Tuesday, April 16, 2013

How Modern Consumer Technology Is Swallowing Up Our Lives

            When we were very young, we all experienced at some point, parents, teachers, family, family friends and adolescents reading stories to us.  If you were like me, you would find this an enthralling experience.  The stories were bible stories, myths, fairy tales or simply real life adventures. Most of them had one thing in common.  They dealt with rich vibrant narratives that were far beyond the realm of possibility for average people to experience.  They involved adventures in which heroes or heroines were tested in some unusual way.  The protagonists were forced to overcome obstacles by creating their own unique solutions.  In the process, they received the imprint of the total experience and were transformed into wiser more powerful people.  At the same time, they themselves created a strong imprint in their solution to the problem, and this imprint was very stimulating to everyone who experienced it.  Furthermore, the imprint was a very memorable solution that acted as a surrogate immortality – a preparation for death – for the hero or heroine who made the imprint.

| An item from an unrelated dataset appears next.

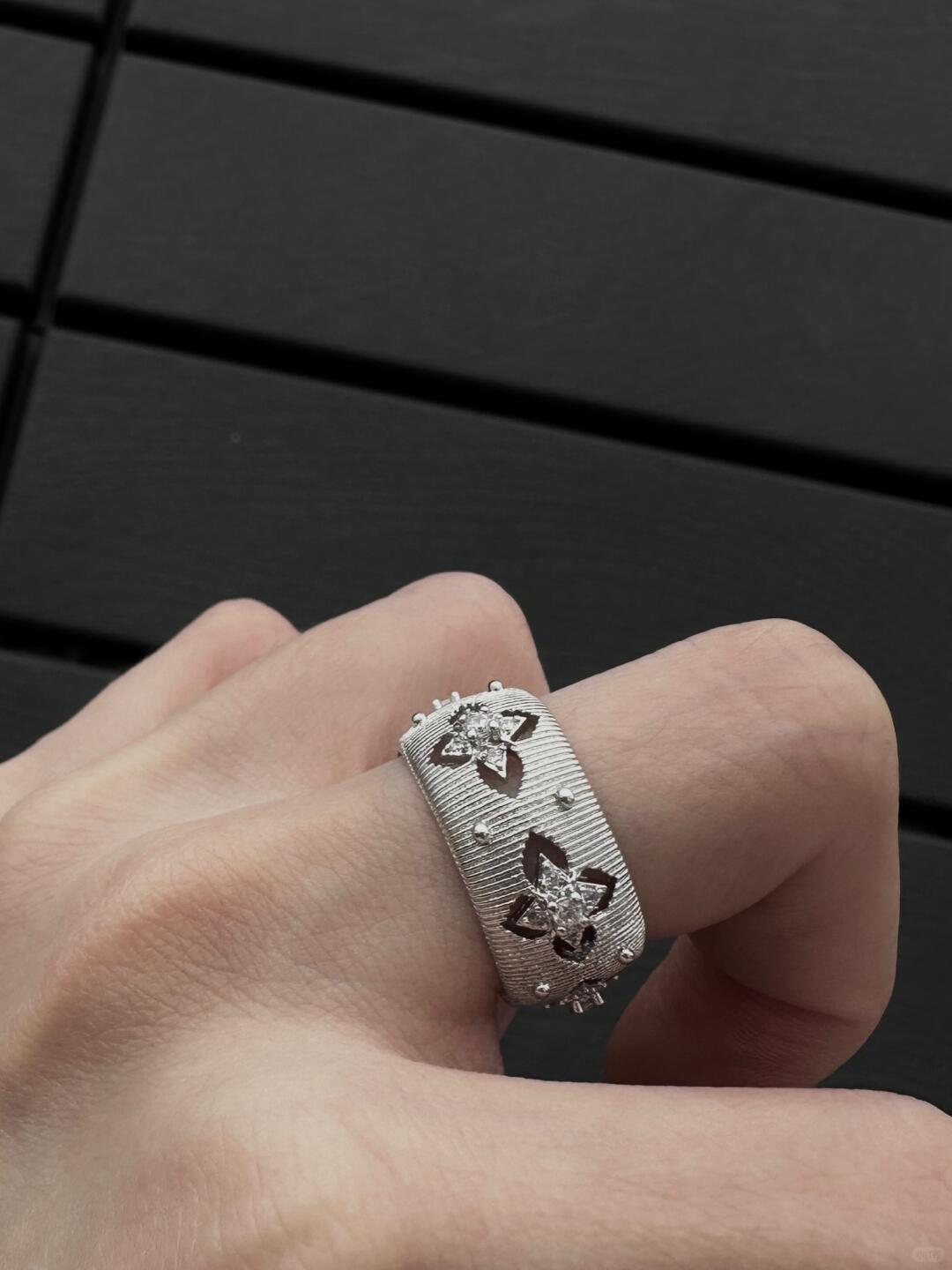 Flowers under the Moonlight Ring | Poetic Elegance & Lunar Design (Limited Edition)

            Such stories were inspirations to all of us.  Even if it was very unlikely that anyone of us was going to be able to have such rich vibrant adventures as the stories we heard and later read ourselves, these stories unconsciously taught us the importance of rich vibrant life narratives in order to make, receive, and preserve imprints and in order to have meaningful lives.  These stories indirectly inspired us to the achievements, the involvements, and the relationships that allowed us to feel truly connected to the world.  They were definitely more than just entertainment.  And their capacity to instruct went far beyond their capacity to reinforce a fundamental moral principle of good and evil or right and wrong.  In truth, on a deeper level, the narrative was the message.  Without some kind of meaningful narrative, there is no human life.

            But the narrative in stories we heard and read was never meant to replace our lives.  It was meant to inspire our lives and guide our lives.  Stories are too distinct from an actual primary experience to ever be a real substitute.  Stories are built with words, which are the building blocks of cognitive thought.  We think a story through as we hear or read it.  Granted there are pictures in children’s books.  There used to be more pictures in the novels and story books of adults.  But there is no way that these pictures can lull a human into thinking he is actually living a primary experience in the narrative of his life.

            When we see a story acted out in a play, there is a strong sensory component.  We see actors going through motions, even though there is a limit to the motions that can be performed on stage.  We see the costumes of the actors and the sets that act as backdrops for the interaction on the stage (although for a long time in Western theater, there was no scenery).  Sometimes we hear sound effects and music.  This is very different from the cognitive engagement involved in a story and even from the more minimal sensory engagement involved with story books and novels with pictures.  A play is a little closer to life.  And yet there is a limit to what can be done in the confines of even a technically sophisticated stage.  Most plays are still built primarily around words rather than action, and even when there is action, it is qualitatively different from action in real life as a result of the limitations of space.  And stage sets cannot truly reproduce normal human surroundings, again, because of the limitations of space.  When we sit in the audience of the play, we still are fully aware that we are seeing something different from a normal life narrative.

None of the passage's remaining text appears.